# Workshop 3

## User Defined Functions

As well as the functions built in to Python, sometimes we want to write our own functions.

There are two main reasons for this:
* If you want to repeat the same task lots of times, it is easier to use a function that copy and paste the same piece of code.
* When you are writing longer scripts, it is easier to read code if it is divided into function.

A function has an input and an output.  We define a function using the `def` command.

In [None]:
def myfunction(mystring):
    newstring = "%s is my string" % mystring
    return newstring

When you run this code, Python loads the function into its memory, but doesn't actually run the function - it is just stored reading to use.
The input for the function above is `mystring` and the output is `newstring`.
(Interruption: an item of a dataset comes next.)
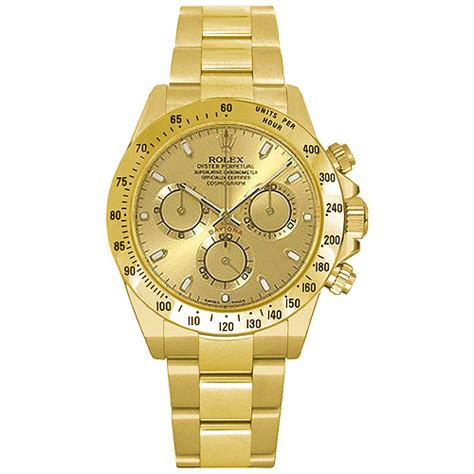 daytona mens rolex solid gold|Rolex daytona yellow gold price.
The `return` value of a function another name for its output. You can assign the output of a function to a variable.

In [None]:
x = myfunction('hello')
print (x)

In [None]:
y = 'goodbye'
x = myfunction(y)
print (x)

To define functions, we need to rememeber the concept of `arguments` as the input to functions.

The names that you give to the arguments when you pass them to the function do not need to be the same as the arguments inside the function.  This can be slightly confusing.

In [None]:
def another_function(x, y):
    tot = x + y
    return (tot)

In [None]:
another_function(1, 2)

In [None]:
v = 1
w = 2
another_function(v, w)

In [None]:
v = 1
w = 2
another_function(x=v, y=w)

Just like for in-built functions, the function decides which argument is which based on either their order or the names inside the brackets when you call the function.

**Exercise** 

Write a function which returns the mean of two numbers and call the function in Python.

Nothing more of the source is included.